A series of scrupulously bipartisan new studies by the Economic Mobility Project of the Pew Charitable Trusts hints at an answer — and the explanation is not a funk but a fact. Even in a growing economy, only about a third of Americans can be considered upwardly mobile — meaning they will end up with more inflation-adjusted income and a higher relative economic standing than did their parents. The rest are maintaining their standing or falling behind; about one-third slip down the income scale over the course of a generation.

When specific groups are considered, the news is even more unsettling. Men in their thirties have experienced a sustained slide in their inflation-adjusted income, which fell by 12% between 1974 and 2004.

And most shocking of all: About 45% of middle-income African-American children end up falling to the bottom of the income scale over a generation, compared to 16% of white children — meaning that even solidly middle-class African-American families lead fragile economic lives.

According to the Pew studies, America has less upward economic mobility than Denmark, Canada or Finland. “In America, more than other countries,” Project Director John Morton said, “the circumstances of your birth have more to say about where you end up than how we tend to think of ourselves.”

Over the decades, families have gradually adapted to these economic trends. They often have added a second income — the number of married women in the work force has risen to 70% today from 23% in 1950. And families have become smaller, spreading their resources among fewer children in need of food, clothing and cell phones.

But in other ways, Americans have not responded very well to the incentives of the new economic world.

A four-year college degree is now necessary just to tread economic water, and only a professional or graduate degree reliably ensures wage growth. But while college enrollment for men is up, graduation rates have recently declined.

And even though African-American families “need more than ever to have two incomes,” Mr. Morton said, “we are seeing a decline in the number of two-income families.” Low marriage rates contribute to low incomes.

These trends make a certain amount of long-term economic discontent perfectly rational. They also represent a challenge to conservative ideology.

Conservatives rightly reject a leveling equality as a social goal, which can only be imposed by coercion at a tremendous cost to human liberty and human flourishing. But in the absence of economic equality, economic mobility becomes an essential moral commitment.

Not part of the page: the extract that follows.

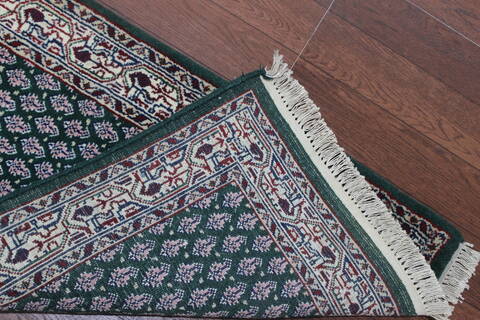 Vintage Multicolor Hand Knotted 20 X 30  Area Rug 902-145409 Image 1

When a society has neither equality nor mobility, it is an aristocracy. Conservatism accepts inequality as an economic fact of life — but it cannot accept the existence of a class-ridden society where inequality is hereditary and permanent.

There are large reasons for these economic trends that have little to do with the economic policies of any single administration. Global competition has deprived America of many lower-skill, higher-paying manufacturing jobs. Rising powers such as China and India are preparing industriously to compete with Americans for higher-skill, high-tech jobs as well.

No matter who is elected as the next president, American workers will need to be highly educated, willing to change jobs often and prepared to move where new jobs emerge.

Republicans will not solve this problem, but they need at least to address it. And this requires a message beyond lower taxes and spending restraint. The candidates will need creative proposals to reform a health care system that is a drag on entrepreneurship; to make a college education more affordable; to encourage savings, ownership and financial literacy, which make economic gains less tenuous; even to encourage economic mobility in the context of stronger families.

Republican presidential candidates often talk of a return to Reaganism — and, in one sense, it is needed. Ronald Reagan won by responding forcefully to the economic challenges of his time — inflation and 70% tax rates. Republicans need to show the same capacity to speak to the largest economic challenge of our moment — the recovery of economic mobility.